Importing into Stata

Data comes in many forms, from raw text (.txt) files to multi-sheet Excel (.xls and .xlsx) files. Importing data into Stata is necessary if the data is not already in Stata format (.dta file). In general, you should be able to use Stata’s functions and loops to efficiently import data. Stata can import most data formats. If your project’s data was collected using a platform like SurveyCTO, the raw data will come in .csv format and the SurveyCTO server will provide a do file that imports the raw .csv data into the Stata .dta format.
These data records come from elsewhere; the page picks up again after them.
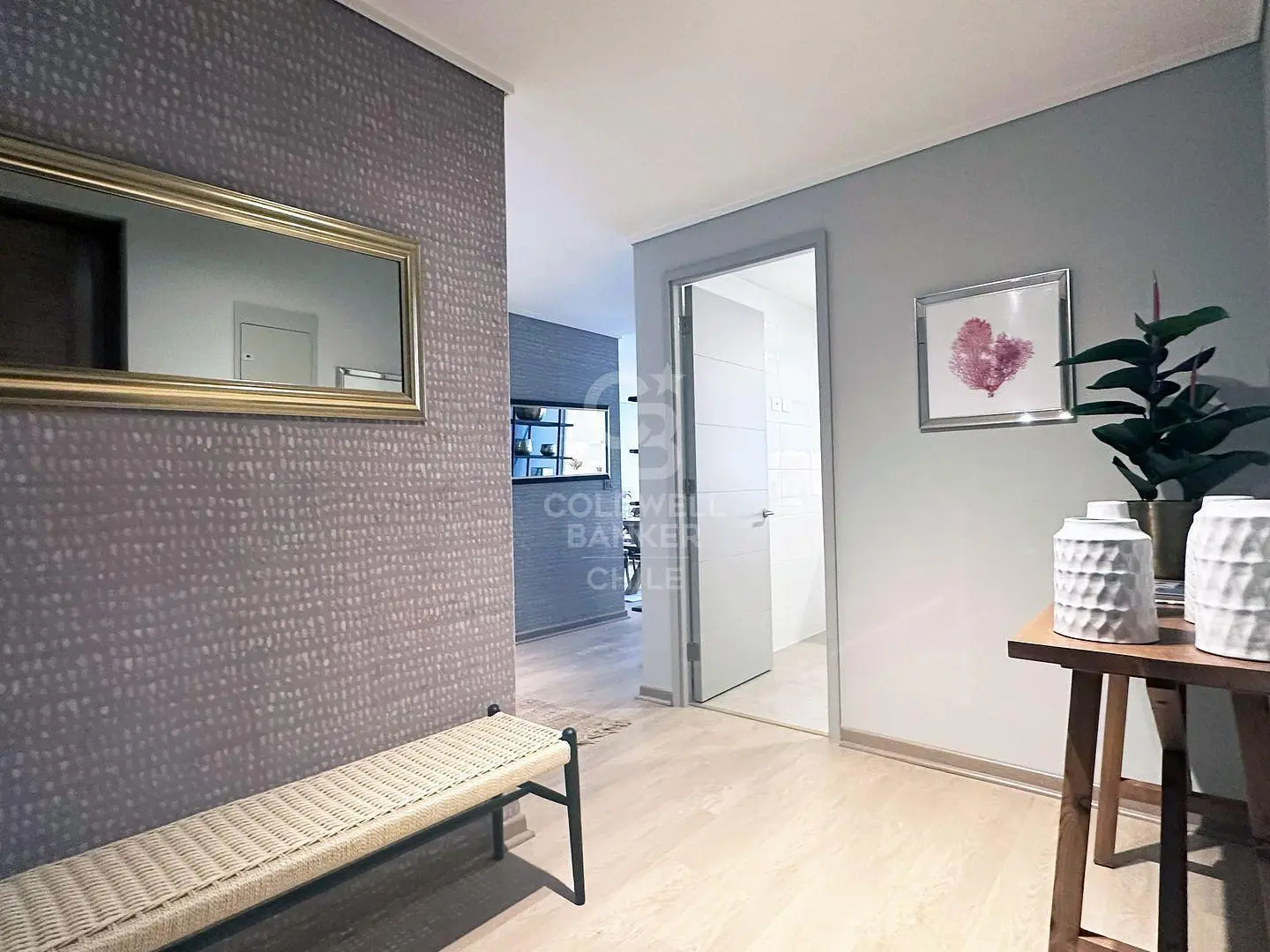 Cucina; elettrodomestici, pavimento in legno, luce naturale, stile moderno, ristrutturato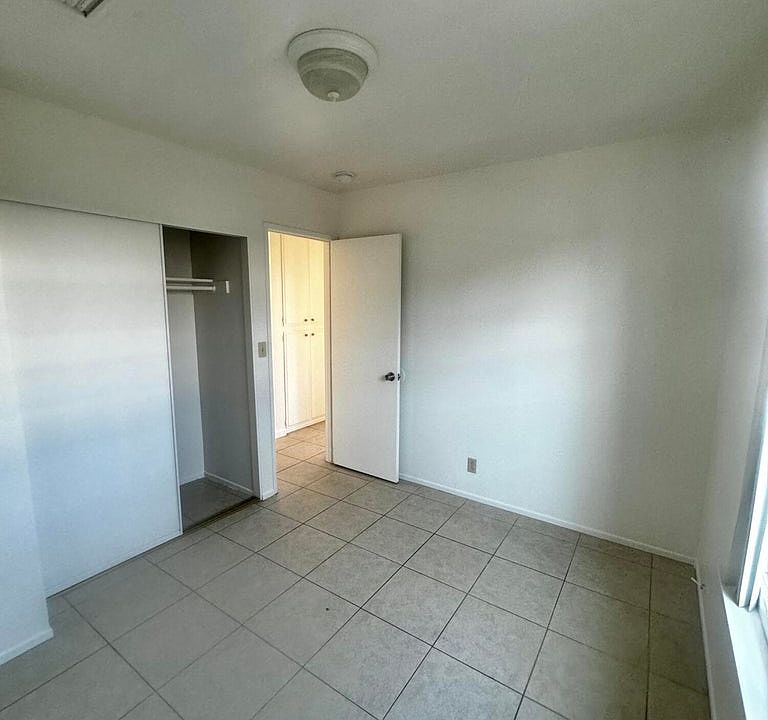 1st image of 10274 Palm Dr
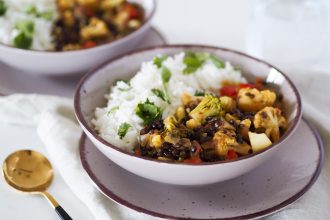 Kari s čočkou beluga (vegan)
Importing different file types

In Stata 13 and beyond, the import command can import CSV files, excel files, and more depending on the option used (delimited for CSV, excel for excel), and export does the same for exporting. The import excel and import delimited commands provide a number of options that allow for a large amount of control of importing including from where in the workbook data should be imported from and how data should be saved. See help import for details on these options.

If you are new to using import are importing a file type you have not seen before, it can be helpful to use the drop-down menu by clicking “File>Import” and then selecting the appropriate file type. Once you do this, you will be able to copy the specific command syntax directly from the command prompt or review window in Stata to your do-file.

The insheet command remains an alternative for .csv, .tsv, and .txt files. It performes differently than import delimited and can be useful for some forms of data, but import delimited should be used preferentially. One thing to note is that it is often a good idea when using the insheet command, to use the option names and have your dataset have the same variable names at those at the top of the raw dataset.

Importing multiple files at once

A useful function for importing multiple files within a folder is the dir extended macro function. You can find documentation on this by typing help extended_fcn in Stata. This function allows you to store all the names of the files in a folder in a local so you can loop through them for importing. See example code of this process below.

*This stores all files with the extension .xlsx in the "$raw" data folder into a local "files"
local files: dir "$raw" files "*.xlsx", respectcase 
   
*Loop through the files to import, clean the file name, and save as a dta
foreach file in `files' {
	
	*Show your progress of which file you are working on
	di in red "working on `file'"

	*Import each file
	import excel using "$raw/`file'", clear firstrow

	**Quality Checks (Optional)
	*Assert you have the correct number of observations.
	qui count
	assert `r(N)' == [number_of_expected_observations] // If you know the amount of expected observations
	
	*Check that what variables you think sould be unique identifiers are indeed unique. 
	isid unique_id_var
	
	*Check for expected/necessary variables
	confirm var expected_var_names

	* Edit filename 
	/*The filenames in the local "files" includes the extension (in this cas .xlsx). 
	So, I remove these and make new clean file name to save the files as.
	You can edit the filenames however you see fit. */
	local cleanfilename = subinstr("`file'", ".xlsx","",.)

	*Save the file with the new clean file name as a dta file
	save "filepath/dtafiles/`cleanfilename'_raw.dta", replace
}	

Note that the new .dta files are no longer saved in the same folder that your raw excel, csv, or any other type of files were saved in. As the imported data are no longer raw, they should be saved in either a temporary or data folder.

It can be helpful set up a “dta” or “temp” folder for you to save these intermediate data files before you start. To do so, you can create a folder to save your files in directly in your script by using mkdir "filepath". If the directory already exists, this will create an error. One solution is to use the capture command and type cap mkdir "filepath" which will suppress the error. We recommend avoiding capture in most situations.